Esiste, in sintesi, un ampio spazio di pensiero e di azione che può denotare un’immensità di alternative fatta di opzioni, ragionamenti, sentimenti, esperienze e vissuti, tutti a servizio del processo decisionale che è libero di accettare una certa dose di imponderabilità, una dimensione del non-controllabile che entro una certa misura autentica anche il valore della vita come ricerca e sperimentazione, allo scopo di generare anche nuovi contenuti e strutture dinamiche di apprendimento.

Infatti, pensare di facilitare il percorso decisionale, confidando nella programmazione dello stesso, come strumento riparatore o esclusore dell’errore, è forse un bel po’ presuntuoso e fortunatamente irrealistico. Se non fosse così, cioè in assenza di tale imprevedibilità, allora recarsi dal counselor sarebbe come andare dal chiromante; dal momento che le due figure, sprovviste di un ufficiale riconoscimento, hanno pure qualcosa in comune.

Ma per buona sorte intervengono variabili assai sfuggenti, che sono identificabili nei processi affettivi ed emozionali. Tali fattori, infatti, ci riportano sul piano di realtà, restituendo quella cornice di perfetta imperfezione che spetta all’essere umano proprio come elemento caratterizzante del suo innegabile valore. Decidere esclusivamente col raziocinio, dunque, diventa un’illusione, oltre che una teoria sbilenca e bislacca.

Sono conclusioni che trovano adesione ed ispirazione nella teoria della decisionalità affettiva, sviluppata dal noto filosofo e psicanalista Franco Fornari. Il modo con cui prendiamo le nostre decisioni, giuste o sbagliate che si rivelino, dipende in gran parte da unità affettive elementari costruite in forza dei modelli comunicativi con cui siamo stati formati, e che rappresentano il modo con cui abbiamo interiorizzato i significati delle esperienze relazionali. Fornari chiama “coinemi” tali contenitori, e li descrive come concezioni di base che se da una parte risentono degli archetipi generali, d’altra parte sono anche riempiti in modo dinamico dei significati che passano attraverso i confronti interpersonali vissuti dalla persona durante la sua vita. Essi, comunque, costituiscono la vera bussola di orientamento delle decisioni che un individuo desidera o sente di intraprendere nel corso della sua carriera esistenziale. La linfa di cui sono intrisi è l’affettività, e l’aggregazione complessiva di tali elementi viene chiamata da Fornari, senza alcuna esitazione, anima. Essa sarebbe dunque guidata da un codice di significazione, di sostanza emozionale, descritto come un sapere inconscio a carattere filogenetico, un codice vivente che già agisce su un piano di scelte possibili, perché vi sono inscritte modalità di azione già facenti parte della nostra vera natura.

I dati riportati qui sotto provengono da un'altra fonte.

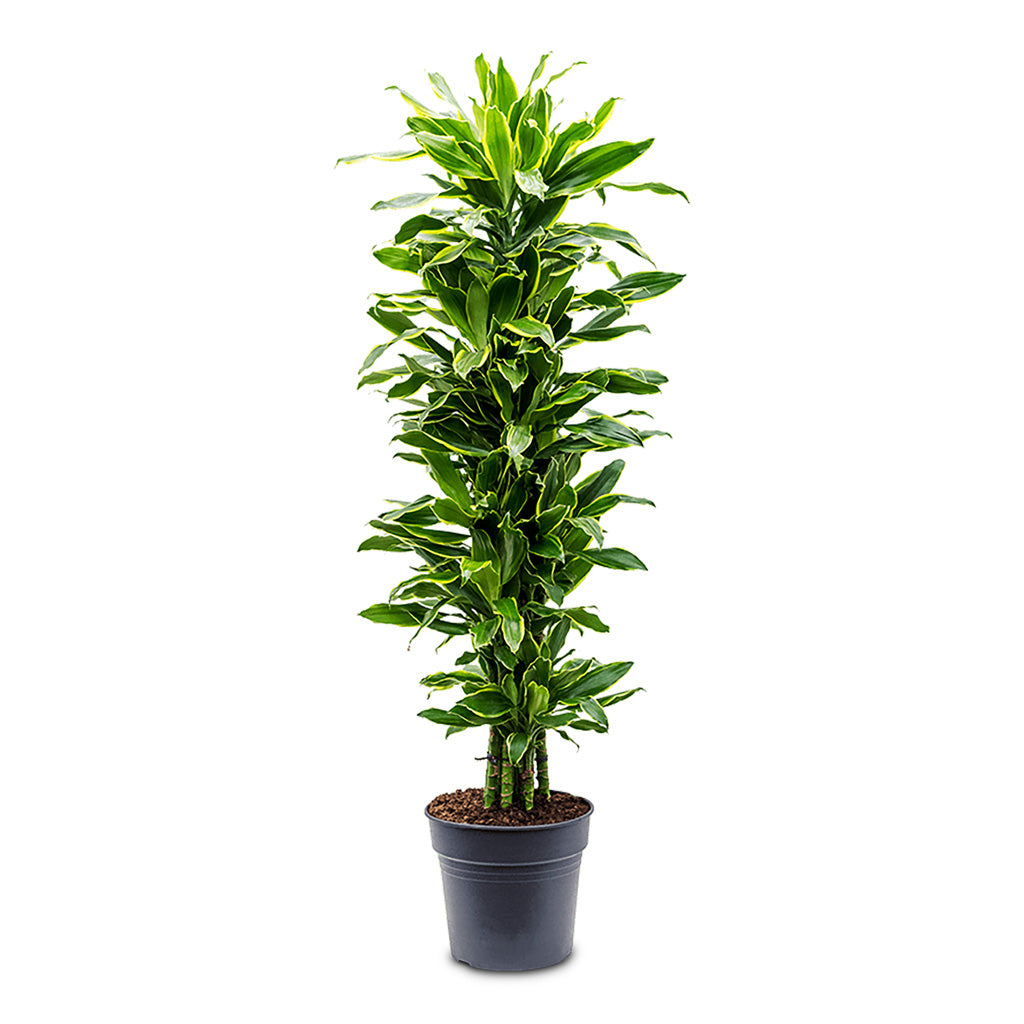 Dracaena frag. Golden Coast Branched 31x140cm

Lo spessore tematico di tali considerazioni è connaturato alla necessaria propensione verso una attenta, sommessa e rispettosa accoglienza di quel linguaggio sotteso, tacito, frequentemente svalutato o ignorato da una deriva meccanicistica di un certo illuminismo maniacale della progettazione e degli algoritmi.

Si tratta di rivalutare questo linguaggio, smettendo di ammutolirlo anche per via delle proprie paure, e ridare voce e dignità all’unica depositaria della verità interiore individua: l’anima.